Dataset content:
+ + + +
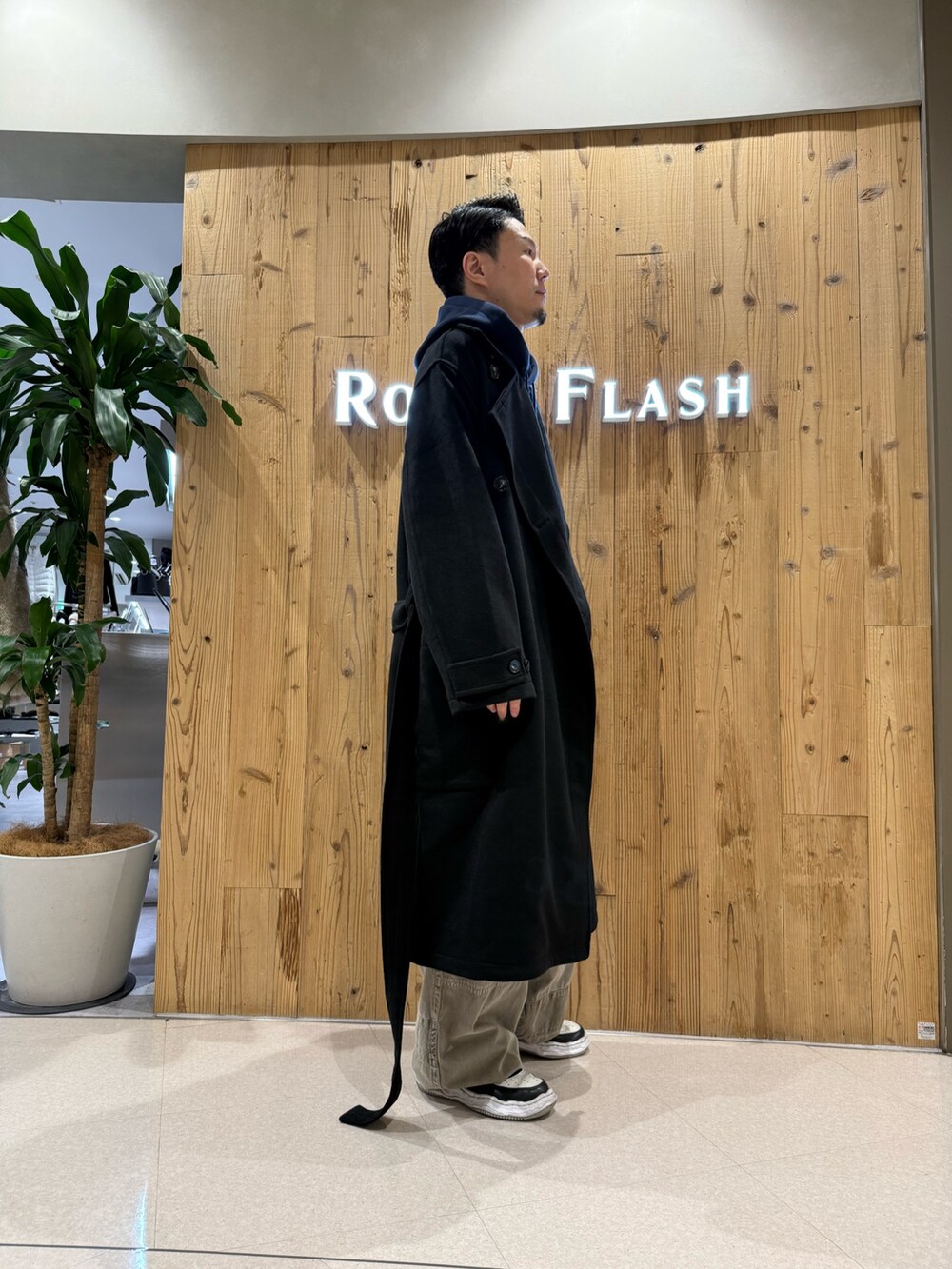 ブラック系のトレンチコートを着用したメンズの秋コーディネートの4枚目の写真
+ + + +
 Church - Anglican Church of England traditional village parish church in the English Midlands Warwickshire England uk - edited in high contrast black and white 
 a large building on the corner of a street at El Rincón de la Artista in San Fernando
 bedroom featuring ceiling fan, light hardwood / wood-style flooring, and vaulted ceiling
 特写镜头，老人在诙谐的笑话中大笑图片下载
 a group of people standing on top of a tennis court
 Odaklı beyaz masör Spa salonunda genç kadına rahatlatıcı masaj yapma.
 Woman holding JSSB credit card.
+ + + +
Your instructions:
Look above for the line with "Odaklı beyaz masör"; retype exactly that line, every line after it up to the line with "Woman holding JSSB credit card.", and that line too, nothing else.

Exercise response:
 Odaklı beyaz masör Spa salonunda genç kadına rahatlatıcı masaj yapma.
 Woman holding JSSB credit card.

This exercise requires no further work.